She left every man in the room irritated.

“Gentlemen,” Dr. MacArthur soothed, “that is all of the testimony, except Mattus’ story, and Dr. Sterling, Ethridge and I went over it with him while we were awaiting the autopsy findings. Any questions or decisions before Heddis comes?”

“What was Mattus’ statement?” Dr. Harrison asked.

“That he found the patient in the condition Father and I did when he made his rounds, and the next time he saw her, at three-five, she was dead,” Cub Sterling responded.

“Could the murderer have any animus against the patients?” Barton asked leaning forward.

“Not likely,” Cub said. “One from out of town and genteel poor, second dispensary admission, and the last old patient. Been in the hospital before.”

He was interrupted by a knock upon the door and Dr. Heddis’ stout, round body, with its piano-post legs and lion head protruded through the opening. His wide-set yellow-brown eyes, even in repose, dominated his highly intelligent face. Dr.

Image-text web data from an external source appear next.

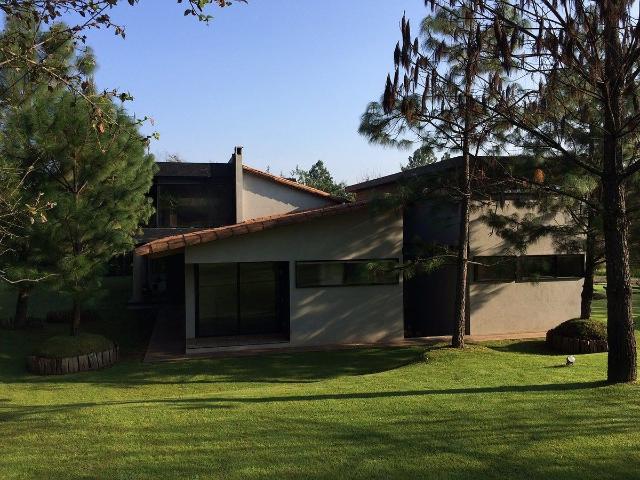 Casa en renta en Valle De Bravo, Estado de México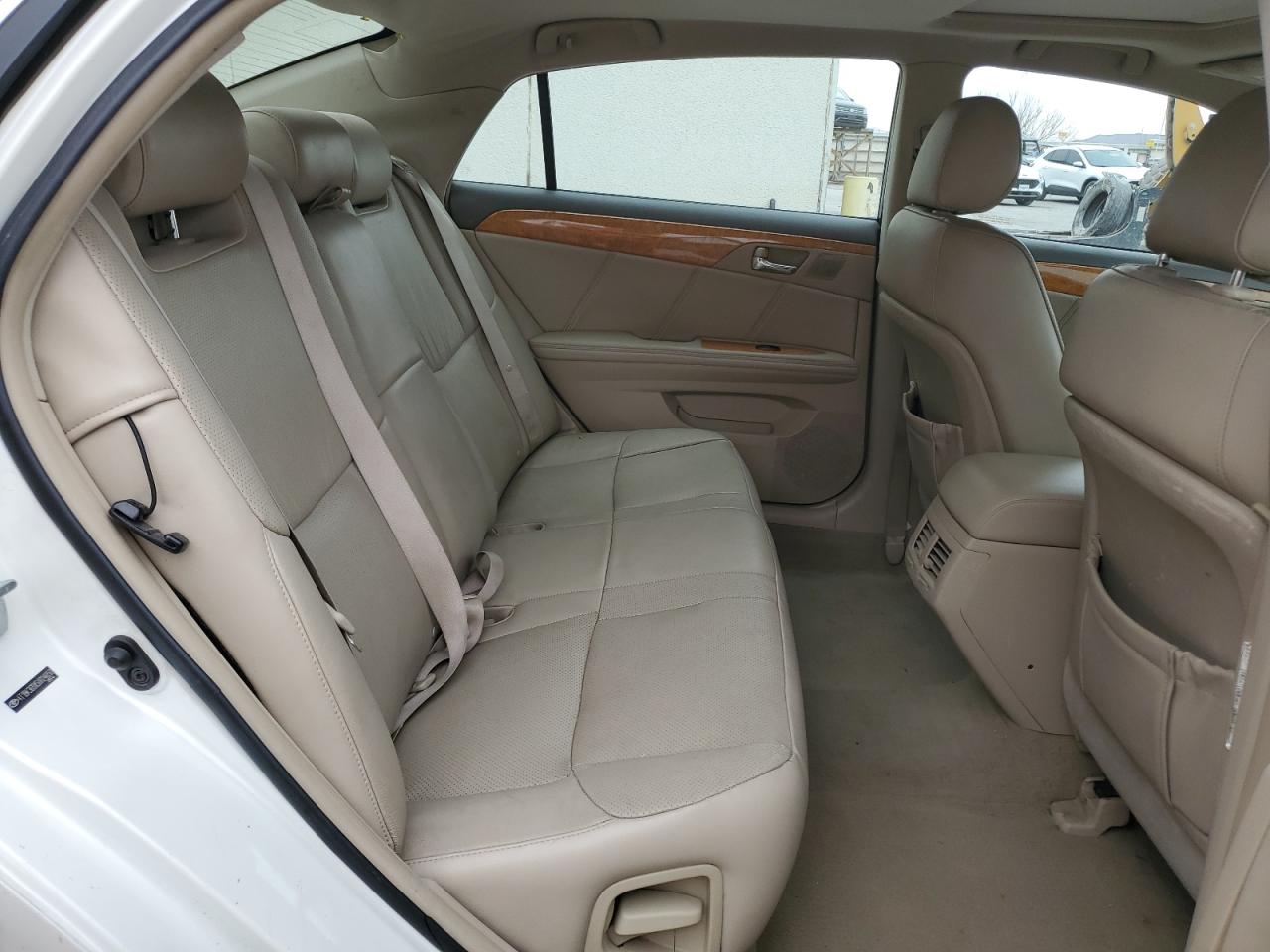 2005 Toyota Avalon - Image 10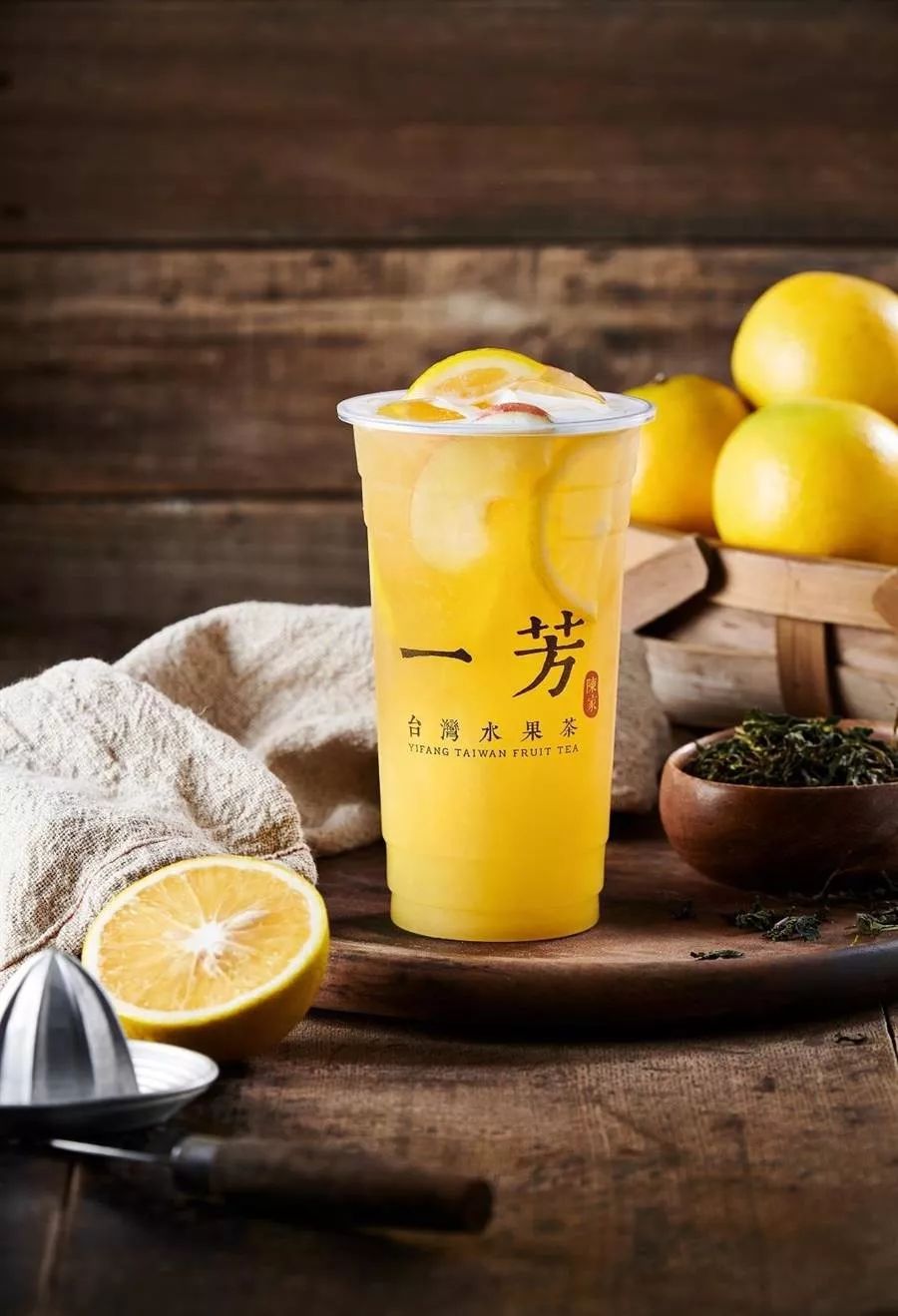 据说一杯柳橙水果茶需要2颗完整的柳橙才能调制出来,维c爆表不说,甜酸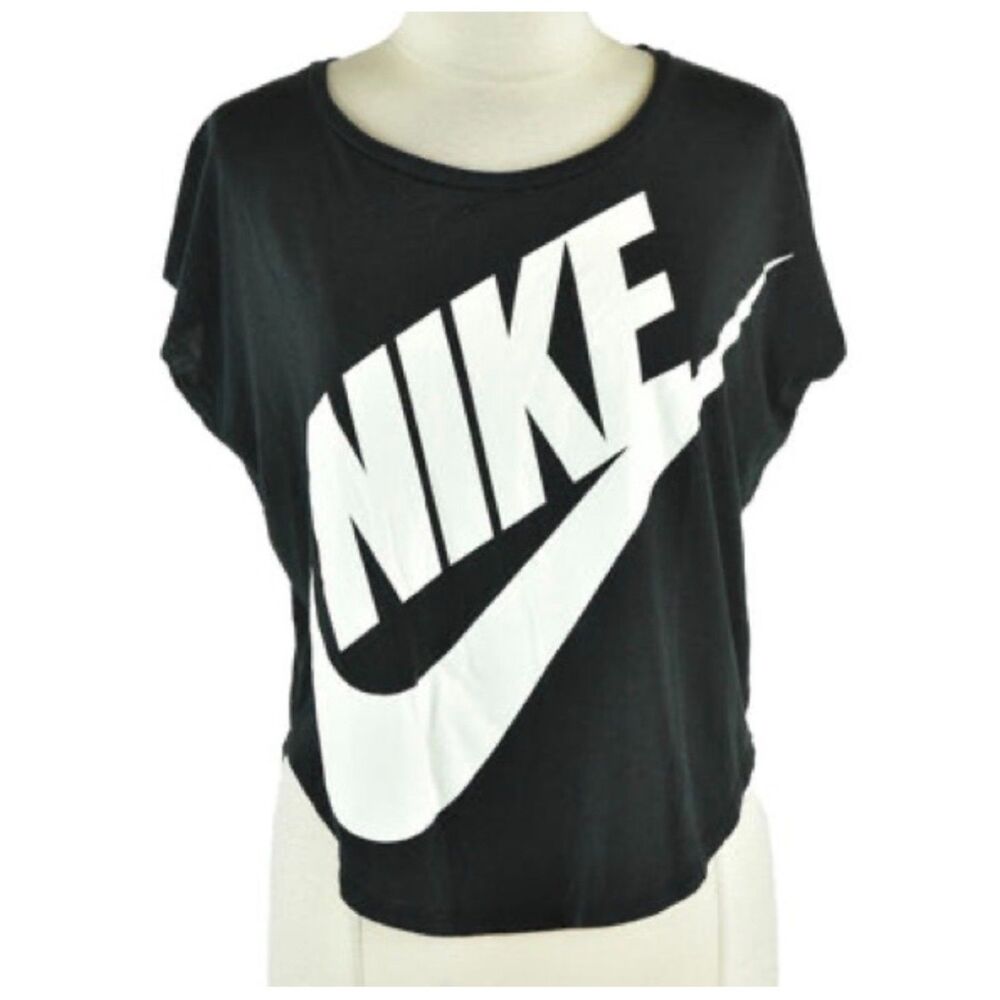 Nike Women’s Small T-Shirt Black Oversized Swoosh Logo Athletic Casual Sporty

MacArthur motioned him into the “witness chair” and he began speaking in a high, tired voice which, because of his increasing deafness, had a sing-song quality.

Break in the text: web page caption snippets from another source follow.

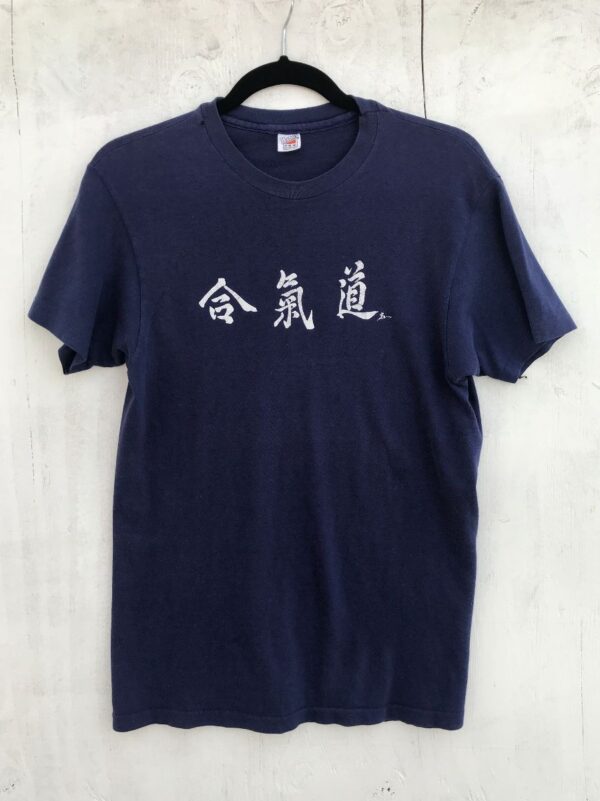 product details: CHINESE LETTERING GRAPHIC T-SHIRT SINGLE STITCHED photo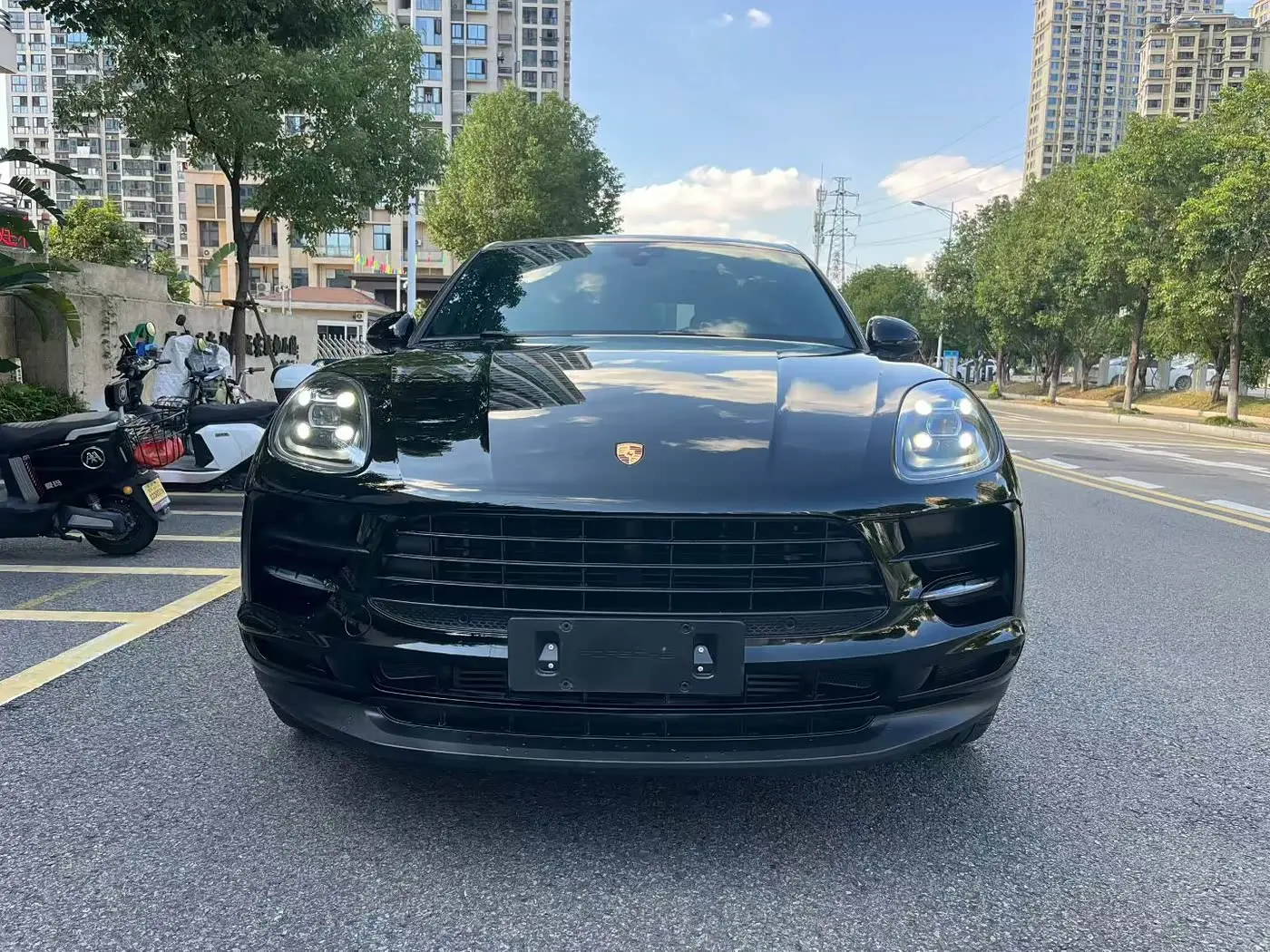 Porsche Macan 2019 — Photo 2/9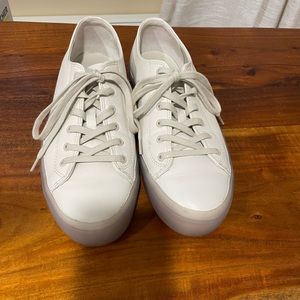 Women Vince leather platform sneakers. White upper leather with rubber platform.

In ordinary conversation his impediment required a “raising” of his questioner’s voice, so upon a subject of which men spoke in whispers any information he had to give automatically became a soliloquy:

“’Morning, gentlemen. Luck, pure luck! Organs appeared perfectly normal. Began the obscure tests alphabetically. It would have taken two days to reach coniine, if my nose hadn’t been haunted by an almost imperceptible odor; after about a half hour my brain finally diagnosed it.

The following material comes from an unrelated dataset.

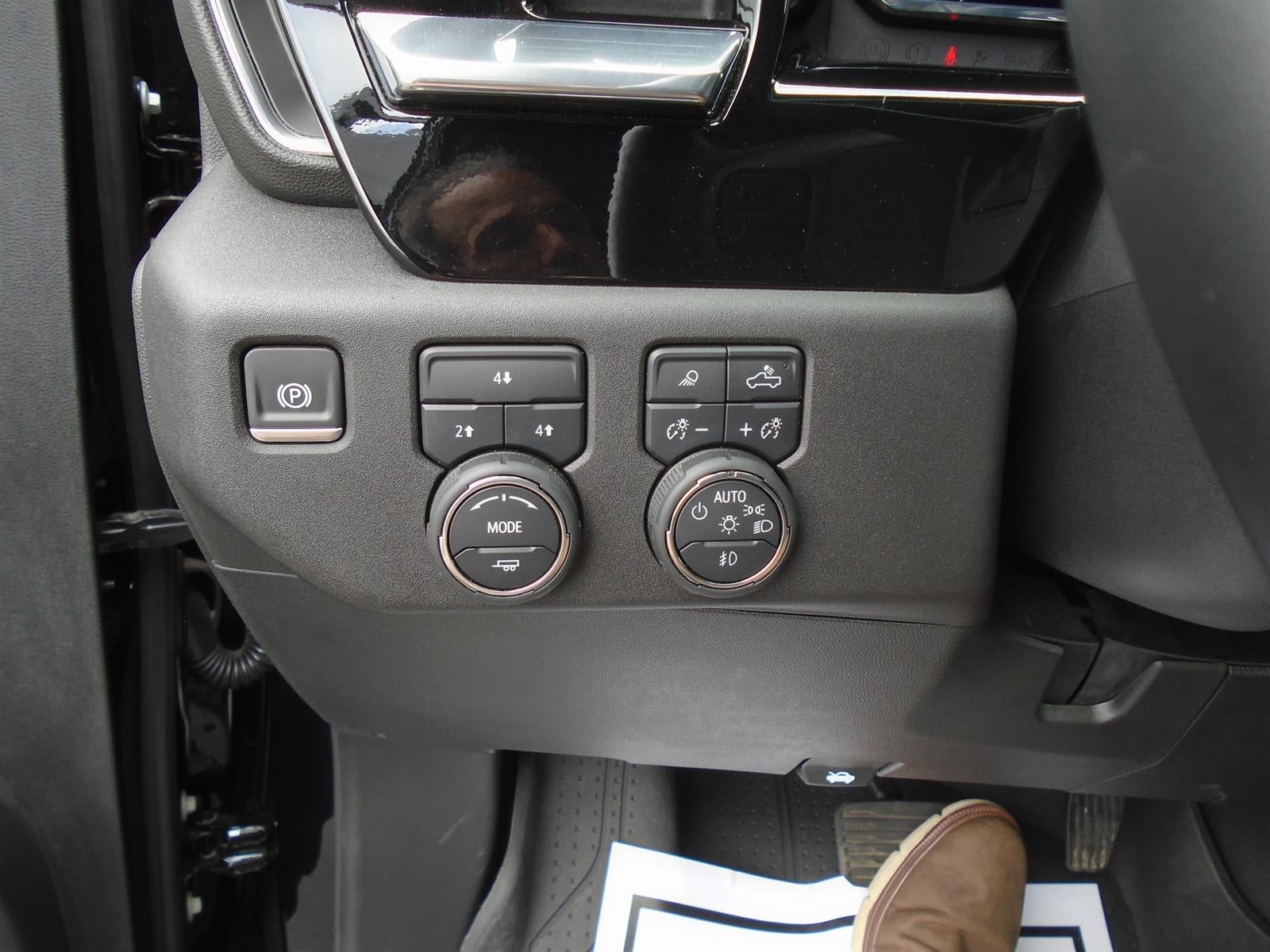 2025 Chevrolet Silverado 3500 HD Chassis Cab LT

“The tests are conclusive. She died of an infusion of coniine, C8H17N, per os or hypodermically. Puncture makes syringe theory conclusive as coniine administered per os would be remarked by the patient. Smells like mouse urine. Also acts locally as a caustic. Burning the mouth. Itching of the throat. Dizziness. Nausea. Tormenting thirst. Paralysis of the sural muscles.... The patient had none of these symptoms?”